THE signposts of Madison Square as it appeared in the mid-’60s are fewer and fewer. The luster has been restored to the Flatiron Building. A gleaming apartment tower is climbing to the sky at Madison and 23rd Street. On the east side of Broadway, at 23rd Street, a high-rise condominium has replaced an entire blockfront of low buildings.
But a vestige of that era remains affixed to the facade of the condominium on Broadway, a plaque that stands as a haunting reminder of a tragic event.
It was on the site of that building — “a sacred place,” a Fire Department chaplain called it the other day — that 12 firefighters died when a floor in a drugstore collapsed as they battled a nighttime blaze.
At the time, Oct. 17, 1966, it was the largest loss of firefighters’ lives in the department’s history, though it was eclipsed by the deaths of 343 members at the World Trade Center.

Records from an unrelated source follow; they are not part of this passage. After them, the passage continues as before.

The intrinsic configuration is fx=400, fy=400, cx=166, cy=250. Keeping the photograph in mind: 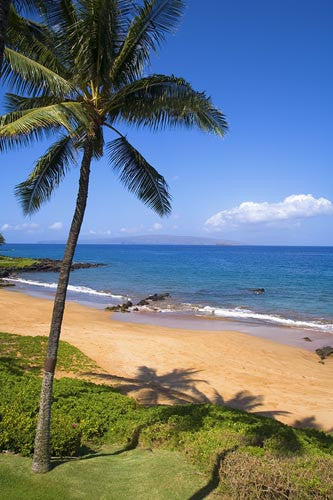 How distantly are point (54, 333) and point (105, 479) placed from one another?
2.23 meters

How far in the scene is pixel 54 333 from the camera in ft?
20.5

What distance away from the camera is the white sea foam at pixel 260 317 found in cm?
2688

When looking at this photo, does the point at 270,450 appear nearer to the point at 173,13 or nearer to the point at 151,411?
the point at 151,411

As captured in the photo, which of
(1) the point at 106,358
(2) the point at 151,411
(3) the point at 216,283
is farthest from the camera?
(3) the point at 216,283

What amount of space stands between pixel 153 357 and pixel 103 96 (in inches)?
450

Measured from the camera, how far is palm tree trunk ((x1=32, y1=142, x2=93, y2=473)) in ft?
19.1

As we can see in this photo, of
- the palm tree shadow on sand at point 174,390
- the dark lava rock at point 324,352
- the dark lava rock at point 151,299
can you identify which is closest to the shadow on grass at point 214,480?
the palm tree shadow on sand at point 174,390

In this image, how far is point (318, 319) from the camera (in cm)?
2936

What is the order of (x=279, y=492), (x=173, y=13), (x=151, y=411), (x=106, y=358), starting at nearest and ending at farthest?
(x=279, y=492) < (x=173, y=13) < (x=151, y=411) < (x=106, y=358)

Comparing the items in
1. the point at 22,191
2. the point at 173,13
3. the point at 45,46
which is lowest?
the point at 22,191

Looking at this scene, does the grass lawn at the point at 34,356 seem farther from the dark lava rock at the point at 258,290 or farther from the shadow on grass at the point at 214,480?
the dark lava rock at the point at 258,290

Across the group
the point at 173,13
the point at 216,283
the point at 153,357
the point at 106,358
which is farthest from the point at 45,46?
the point at 216,283

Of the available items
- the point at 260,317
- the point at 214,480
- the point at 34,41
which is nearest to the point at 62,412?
the point at 214,480

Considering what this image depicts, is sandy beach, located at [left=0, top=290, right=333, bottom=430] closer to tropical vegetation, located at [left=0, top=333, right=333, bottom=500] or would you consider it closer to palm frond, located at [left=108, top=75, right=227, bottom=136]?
tropical vegetation, located at [left=0, top=333, right=333, bottom=500] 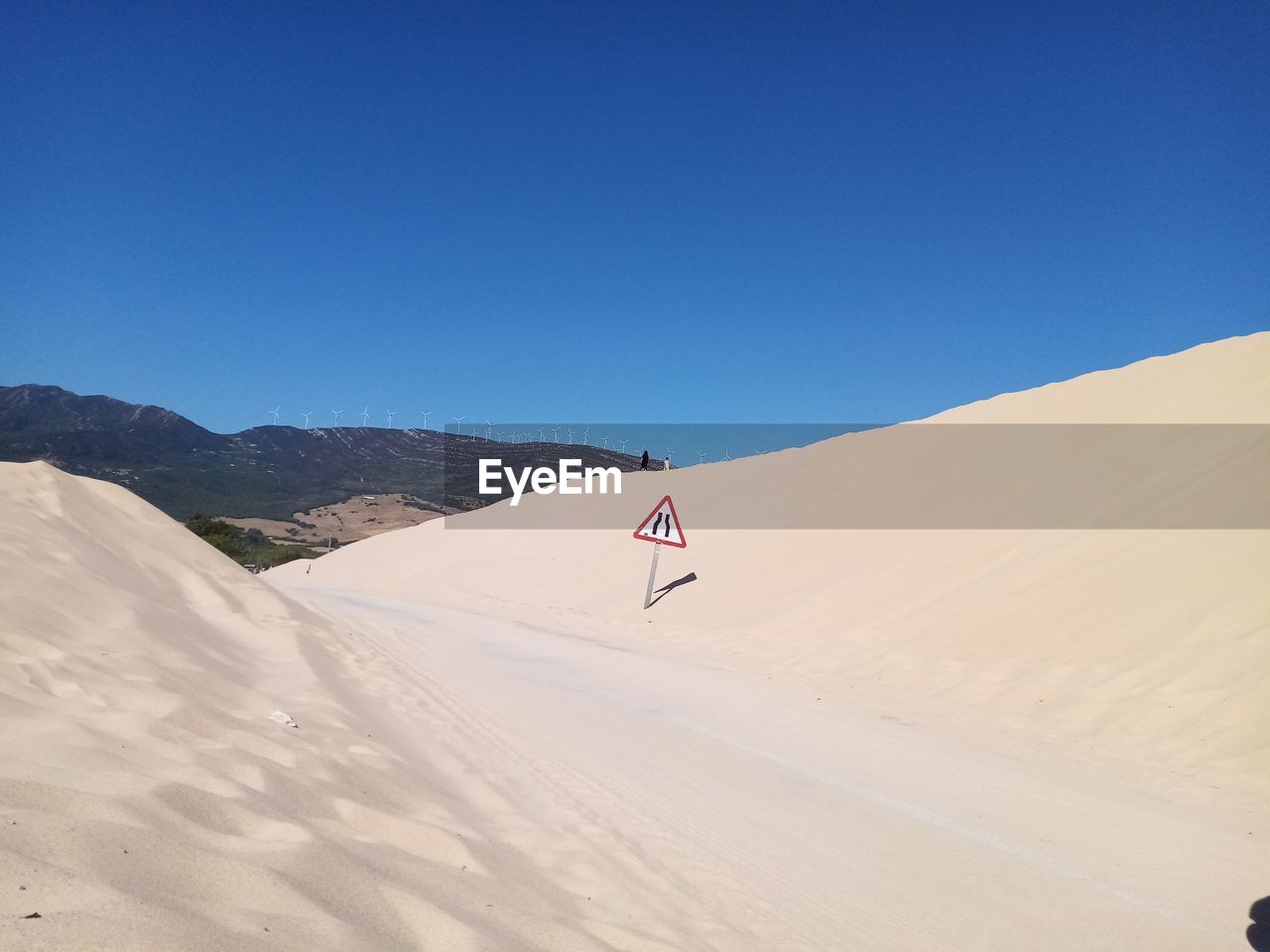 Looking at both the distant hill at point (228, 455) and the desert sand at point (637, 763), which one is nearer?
the desert sand at point (637, 763)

The tragedy is forgotten by many, especially on unmemorable anniversaries like the 42nd, but not by many in the Fire Department. And for those involved in keeping the memory alive, it is a sad but stirring event.
Every year on the anniversary of the blaze, current and former firefighters along with relatives of the 12 gather in front of the plaque, which is on a wall next to a French hair salon.
This year’s ceremony, which took place on a brisk, sunny Friday, began with bagpipers playing a mournful dirge. The city’s top uniformed firefighter, Salvatore Cassano, who is the chief of department, said the department was again fulfilling, for those 12, “a solemn promise that their memories will never be forgotten.”
One of those at the ceremony was a white-haired man in his 70s who still carries the memories of that night. By the time he retired from the department, he was Capt. Manny Fernandez. But in 1966, he was Fireman Fernandez, the driver of Engine 18. His initial job was to hook the pumper up to a hydrant — one “right where that pole is,” he recalled, gesturing to the curb — while his comrades raced inside. There, all of them died when the floor of a drugstore collapsed into a flaming basement.
Hearing a crash, Fireman Fernandez raced into the building. “I saw guys running out, one guy rolling on the floor,” he recalled. “I was crazy, yelling, ‘Eighteen, 18.’ ” But all he saw through the thick smoke, he said, were “some feet, some boots.”
The bodies were not recovered until the next day.